I modified the implementation to use a circular ring buffer for TX
and RX. It seems to be working in initial testing and now running 
perf tests.

Just had one question on when to submit v6 ? Wait till dmaengine
patches([01/10-[07/10] is part of net-next? Or can I send it now also.

Thanks,
Radhey
Jakub Kicinski Aug. 24, 2023, 1:10 a.m. UTC | #8
On Wed, 23 Aug 2023 17:38:58 +0000 Pandey, Radhey Shyam wrote:
> > The kmemcache is not the worst possible option but note that the
> > objects you're allocating (with zeroing) are 512+ bytes. That's
> > pretty large, when most packets will not have full 16 fragments.
> > Ring buffer would allow to better match the allocation size to
> > the packets.
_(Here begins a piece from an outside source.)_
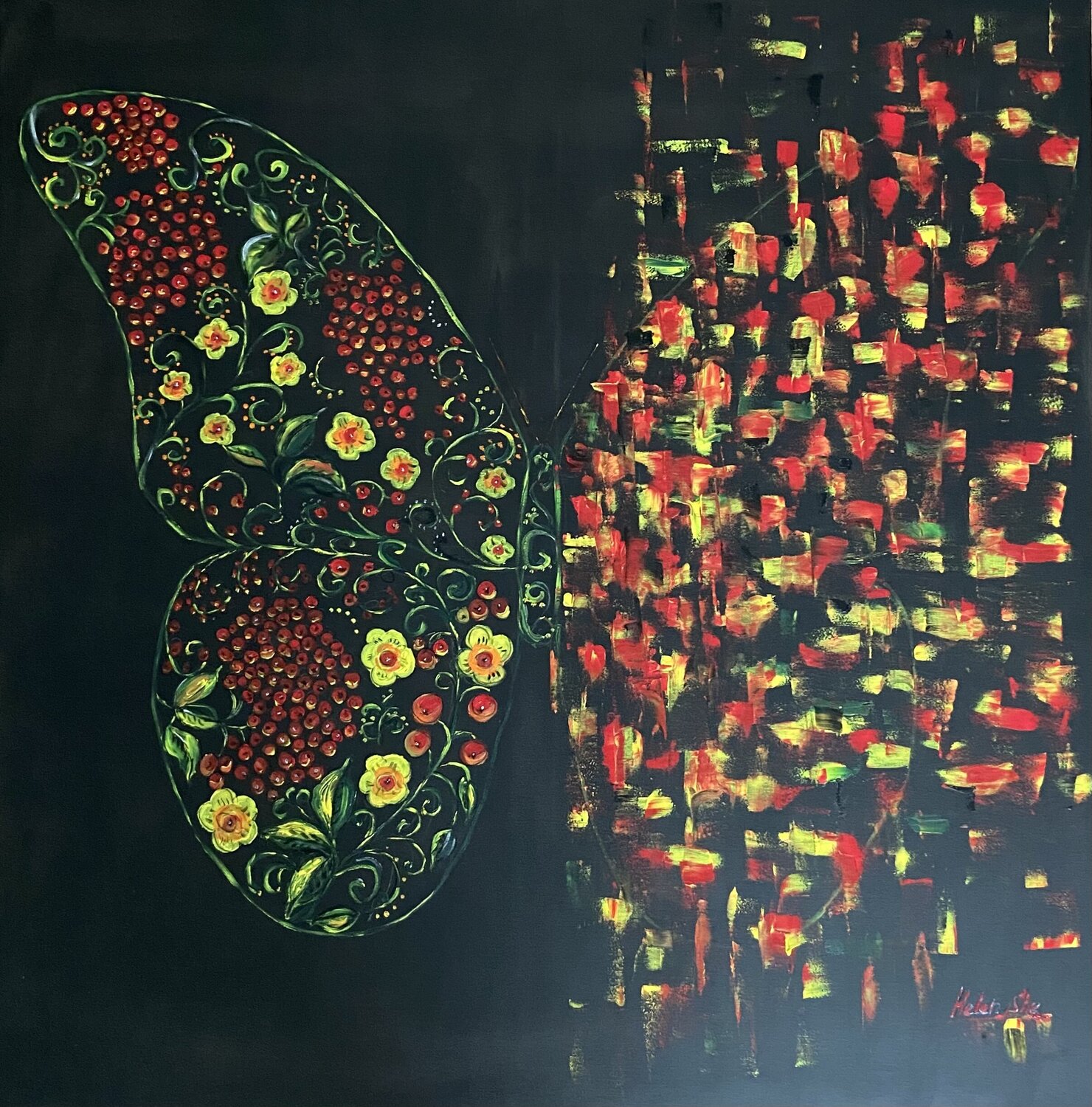 Butterfly Matrix KHOKHLOMA Helen She Original painting for sale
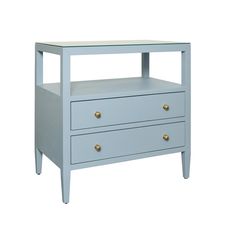 a blue nightstand with two drawers and gold knobs on the bottom shelf, against a white background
Not to mention that it can be done fully locklessly.  
> 
> I modified the implementation to use a circular ring buffer for TX
> and RX. It seems to be working in initial testing and now running 
> perf tests.
> 
> Just had one question on when to submit v6 ? Wait till dmaengine
> patches([01/10-[07/10] is part of net-next? Or can I send it now also.

Assuming Linus cuts final this Sunday - after Sept 10th.